この一般的意見は、人権宣言の18条が有神論、非有神論、無神論を、そして、いかなる宗教や信仰を明言しない権利を保護していると指摘しています。「信仰」と「宗教」という用語は幅広く解釈されるべきです。18条は従来の宗教や、従来の宗教に類似する制度的特徴と慣習を持つ宗教や信仰に限定していません。従って、委員会は、新たに創設された、もしくは支配的な宗教のある社会の一部から敵対される宗教の少数派である、などの、いかなる理由であっても宗教や信仰が差別を受ける状況に懸念を示しています。
イントロヴィーニャ編集長は一般的意見の第22号がCESNURを新興および非伝統的な宗教団体の信教の自由の支持に導いた経緯について、3例を紹介した。
「第一に、この一般的意見は「純粋な宗教ではない」と主張する者から差別または迫害される団体の保護に役立ちます。一般的意見の第22号は、「従来の宗教、従来の宗教に類似する制度的特徴と慣習を持つ宗教や信仰」または、従来の「有神論主義」は18条の保護を受ける上で必須の条件ではないと記しています。
第二に、私たち研究者だけでなく、メディアと当局に対しても、虚偽報道を広める行為は違反と差別の形式であると釘を刺しています。虚偽報道は肉体的な暴力と迫害を正当化するために頻繁に用いられています。多くの例がありますが、エホバの証人が武器を集めているという非難や全能神教会が殺人事件を起こしたという非難は、研究者たちにより虚偽報道や見え透いた嘘であったことが証明されています。
第三に、一般的意見第22号は、新興宗教団体に対する敵対心、虚偽報道、暴力は、官民の当事者、国、反カルト組織(非道かつ違法な役割さえ担うことがあります)、競争に不寛容な「支配的な宗教」から発せられることがあると示唆しています。先程の例で考えると – 当然ですが他にも多くの事例が存在します – 私たちは、ライバルの宗教の熱狂的な信者が政府と協力し、全能神教会に関する虚偽報道を広げて、中国での弾圧を正当化する行為だと考えています。なお、これは現代の世界において最も規模の大きな宗教迫害の事例の一つです。」
イントロヴィーニャ編集長は、世界人権宣言が70周年を迎えた当日にも、中国で最も有名な家庭教会の一つとされる秋雨聖約教会が当局による取り締まりを受けたことは矛盾に満ちており、悲しいと述べた。

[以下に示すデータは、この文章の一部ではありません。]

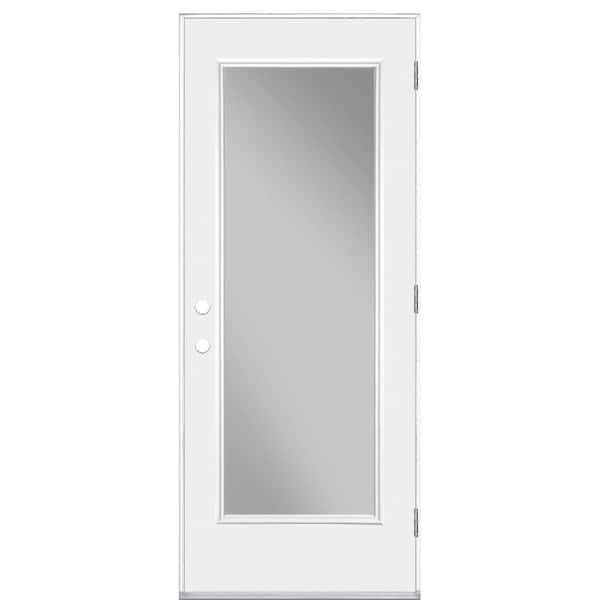 Masonite 32 in. x 80 in. Premium Full Lite Primed Left Hand Outswing Steel Prehung Front Exterior Door No Brickmold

Bitter Winterのロシータ・ショリーテ(Rosita Šorytė)副編集長は、難民の自由に関する観察機関(ORLIR)を代表してスピーチを行い、現在の世界における人権の主な問題を解説した。信教を理由とした難民に関して、ショリーテ副編集長は次のように述べた。「1948年の世界人権宣言の起草者たちは、宗教による迫害は過去のものだと考えていました。残念ながら、それは高尚な期待に過ぎませんでした。純粋に宗教を理由とした迫害は存在せず、宗教の問題が権力と政治の問題を覆い隠していることも多々あります。しかし、今こうしている間にも宗教は大規模な迫害の一つの要素となり、大勢の難民を生み出しているのです。イスラム教徒においては、ミャンマーではロヒンギャが、パキスタンではアフマディーヤが、新疆ではウイグルが、そして、キリスト教徒は中東だけでなく、中国でも大勢の全能神教会の信者と家庭教会の信者が逮捕され、イラクではヤジディ教が、ロシアではエホバの証人が、そして、その他にも多くの宗教に関連する迫害が行われています。経済的な豊かさを求める移民に過ぎない偽りの難民に対して、国が懸念を示すことに問題はありません。しかし、信教に関する迫害や戦争から逃げてきた本物の難民を保護することを拒絶する行為は誤っています」。
イントロヴィーニャ編集長は「経験上「何もすることがない」という意見は絶対に間違っています。するべきことはたくさんあります。虚偽報道は人権に対する現在の主要な敵であるため、研究者、信頼できるメディア、NGOは、虚偽報道に関して非難の声を上げるのではなく(これは単調になり、退屈になる恐れがあります)、信頼できる情報に光を当てて、プロパガンダの闇を一掃するために力を合わせるべきなのです」と最後に語った。そして、これこそがBitter Winterが来る日も来る日も挑戦している取り組みである。